By Scarlett Conlon, CNN

(CNN) — Beneath the Nicola Bertucci frescoes and gilt Rococo cornicing of the 17th-century Palazzo Visconti Di Modrone in Milan, a six-foot fibreglass character stands among piles of white and mustard granite stones.

If the mix seems incongruous, then consider the objective achieved. The character forms part of an installation by Lagos-based artist Yusuff Aina, commissioned by designer Iniye Tokyo James for his Fall-Winter 2024 fashion show “Expansion,” held in the space on Saturday. In partnering on the project, the pair sought to challenge the traditional stereotype about the styles of art and fashion that come from their native Nigeria.

“The people who have (already) been celebrated and the voices acknowledged have been fantastic, but there is another set of individuals proposing a different conversation (about) what it means to be from this part of the world,” James told CNN Style from Lagos a week before the show. “That is where Yusuf (and I) aligned and that has been exciting for us because there’s so much more that we want to do together.”

It was on a similar trip to Lagos from London — where James, 36, lives — that he first saw Aina’s work, on display at the city’s leading art center Art Twenty One. After going to see the exhibition — and being told off for trying to touch the sculptures on display — James reached out to open a dialogue about future collaboration.

“His work has a whimsical vibe to it, it is fun, but at the same time serious,” said James of Aina. “It’s not playing on the stereotypical nuances that are peddled out there that make people expect an African mask or (traditional) art forms. His work could be at the Metropolitan (Museum) or Art Basel.”

For his first collaboration with a fashion designer, 27-year-old Aina created a new iteration of his character called “The Eniyan,” a recurring motif in his work “meaning human being, or person or individuals, somebody or anybody and nobody”, he told CNN Style over Zoom, before he travelled to Italy for the event.

Riffing off the “Expansion” show theme, Aina called his work “Domain Expansion,” wanting it to reflect the evolving phases of life and hoping that it challenges people to look beyond familiar surroundings.

“This goes beyond just coming from Africa or Nigeria, it goes far and wide around the world to all races and different kinds of identity, whether you’re White, Black, short, tall, queer and so on. The main purpose of this collaboration is to allow stories to reach everyone,” he said. “I don’t like boundaries, borders, separation, seclusion, segmentation or creating a box for people to just navigate around. This show focuses on the idea of how much we really need to spread our branches.”

Aina’s distinctive style is informed by his own history of growing up in Lagos. “The kind of art I saw was mostly what you see by the roadside, portraits of the Lagos governor or president or celebrities hanging on the streets,” he said. “But then I got into comic books — there was a (soccer) comic book called “Super Strikers” which was a major influence to me and helped me practice drawing. I watched anime as well to get influence from other creators and see how far my imagination could go.”

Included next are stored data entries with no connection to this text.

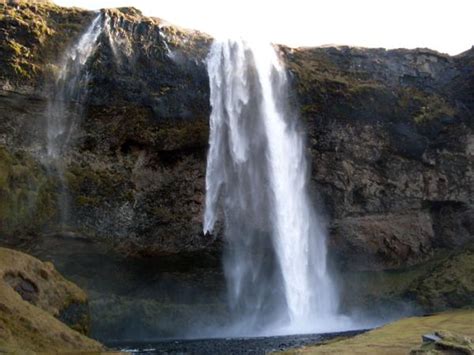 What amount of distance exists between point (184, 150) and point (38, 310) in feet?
59.3

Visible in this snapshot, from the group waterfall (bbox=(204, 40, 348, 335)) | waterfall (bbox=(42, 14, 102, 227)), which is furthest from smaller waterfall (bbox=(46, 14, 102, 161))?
waterfall (bbox=(204, 40, 348, 335))

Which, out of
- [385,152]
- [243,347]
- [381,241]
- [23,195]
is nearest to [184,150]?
[23,195]

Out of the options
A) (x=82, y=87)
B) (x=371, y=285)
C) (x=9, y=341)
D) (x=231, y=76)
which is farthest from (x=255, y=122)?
(x=9, y=341)

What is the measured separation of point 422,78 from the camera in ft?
141

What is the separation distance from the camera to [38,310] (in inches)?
850

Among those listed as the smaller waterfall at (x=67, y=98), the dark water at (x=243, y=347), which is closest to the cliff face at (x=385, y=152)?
the dark water at (x=243, y=347)

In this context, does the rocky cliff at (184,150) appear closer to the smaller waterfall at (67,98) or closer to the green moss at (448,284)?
the green moss at (448,284)

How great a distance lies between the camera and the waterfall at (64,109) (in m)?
34.8

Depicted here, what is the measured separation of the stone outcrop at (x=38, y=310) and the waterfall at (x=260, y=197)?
1393 centimetres

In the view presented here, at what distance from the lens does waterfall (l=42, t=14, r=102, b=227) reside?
114ft

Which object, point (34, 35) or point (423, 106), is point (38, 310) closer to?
point (34, 35)

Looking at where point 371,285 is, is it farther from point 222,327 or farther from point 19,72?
point 19,72

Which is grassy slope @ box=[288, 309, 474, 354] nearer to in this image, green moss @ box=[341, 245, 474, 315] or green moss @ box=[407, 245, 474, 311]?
green moss @ box=[407, 245, 474, 311]

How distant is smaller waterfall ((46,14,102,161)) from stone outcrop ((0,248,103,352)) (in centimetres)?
1094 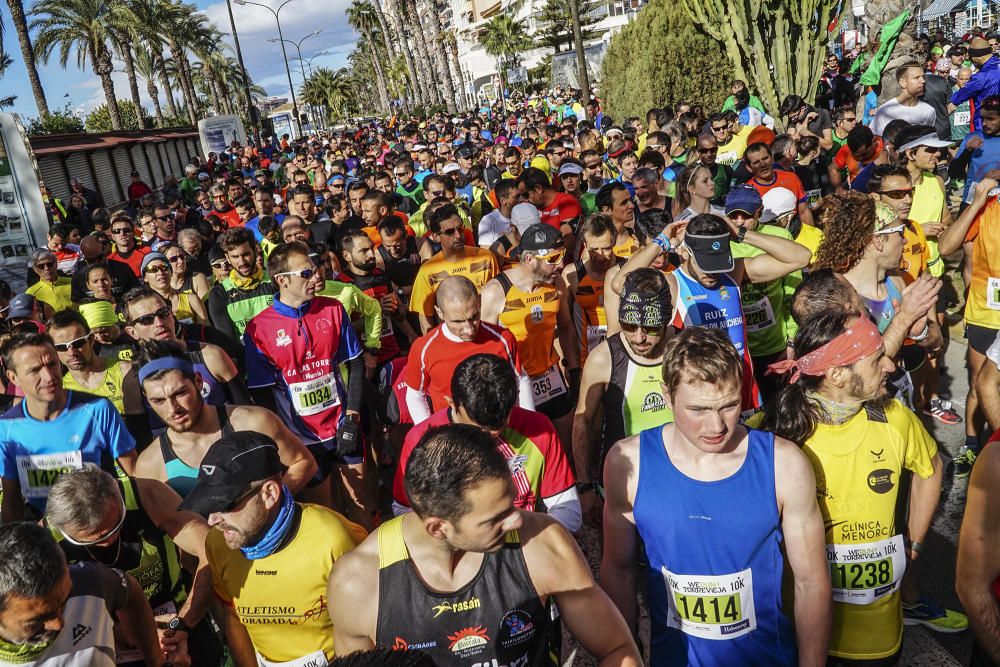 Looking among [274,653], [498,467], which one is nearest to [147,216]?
[274,653]

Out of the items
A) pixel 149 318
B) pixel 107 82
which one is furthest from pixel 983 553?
pixel 107 82

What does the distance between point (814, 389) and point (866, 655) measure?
1.05 metres

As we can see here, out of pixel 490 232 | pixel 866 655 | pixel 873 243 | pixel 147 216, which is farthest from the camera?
pixel 147 216

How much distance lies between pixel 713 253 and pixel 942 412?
9.06ft

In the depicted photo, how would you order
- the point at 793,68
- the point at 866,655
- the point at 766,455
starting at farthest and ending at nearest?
the point at 793,68 → the point at 866,655 → the point at 766,455

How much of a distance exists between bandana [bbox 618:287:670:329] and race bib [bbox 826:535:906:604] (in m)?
1.27

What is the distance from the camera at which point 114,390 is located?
4613 mm

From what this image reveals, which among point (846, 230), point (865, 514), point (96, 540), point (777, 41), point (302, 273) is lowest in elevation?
point (865, 514)

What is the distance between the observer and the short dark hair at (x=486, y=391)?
3.13 metres

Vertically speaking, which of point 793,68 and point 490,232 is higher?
point 793,68

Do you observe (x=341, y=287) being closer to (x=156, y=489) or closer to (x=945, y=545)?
(x=156, y=489)

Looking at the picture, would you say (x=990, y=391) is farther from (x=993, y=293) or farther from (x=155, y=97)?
(x=155, y=97)

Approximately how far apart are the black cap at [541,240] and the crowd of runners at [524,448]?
0.7 inches

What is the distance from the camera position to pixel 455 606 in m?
2.22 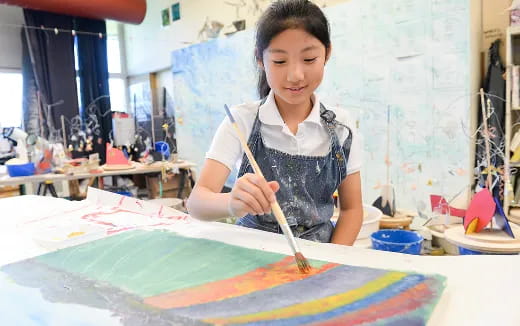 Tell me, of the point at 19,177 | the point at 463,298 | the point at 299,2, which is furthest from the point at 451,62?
the point at 19,177

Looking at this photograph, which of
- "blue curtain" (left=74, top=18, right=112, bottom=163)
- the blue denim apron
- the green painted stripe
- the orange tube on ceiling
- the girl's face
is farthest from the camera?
"blue curtain" (left=74, top=18, right=112, bottom=163)

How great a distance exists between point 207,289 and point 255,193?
0.19 meters

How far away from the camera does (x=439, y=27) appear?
227 cm

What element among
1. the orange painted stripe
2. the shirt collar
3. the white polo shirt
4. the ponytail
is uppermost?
the ponytail

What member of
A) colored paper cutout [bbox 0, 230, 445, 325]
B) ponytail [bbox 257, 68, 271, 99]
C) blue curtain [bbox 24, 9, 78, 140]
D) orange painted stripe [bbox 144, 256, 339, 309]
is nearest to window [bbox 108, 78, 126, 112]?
blue curtain [bbox 24, 9, 78, 140]

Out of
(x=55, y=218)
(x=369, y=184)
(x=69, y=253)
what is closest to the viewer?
(x=69, y=253)

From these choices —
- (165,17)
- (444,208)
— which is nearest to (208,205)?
(444,208)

Since he started his fashion brand in 2015, James — who was nominated for the LVMH Prize which rewards young designers “for their talent and outstanding creativity” — has made it his mission to incorporate African skills and techniques into his work in ways that innovate on tradition. For his Fall-Winter 2024 show, he used intricate weaving techniques across his famed outerwear and the tailoring that took two months to master (“it was one of the hardest things to do!”) and added elaborate beading to selvedge denim.

These techniques were joined by advertising motifs — “like the ones we grew up with in Nigeria” — reworked into T-shirts and prints, “expanding the narrative and seeing things in a new way,” said James backstage after the show.

Ultimately, he said, this collaboration was “about finding ways that celebrate individuality — and the things that unite and join us rather divide us”.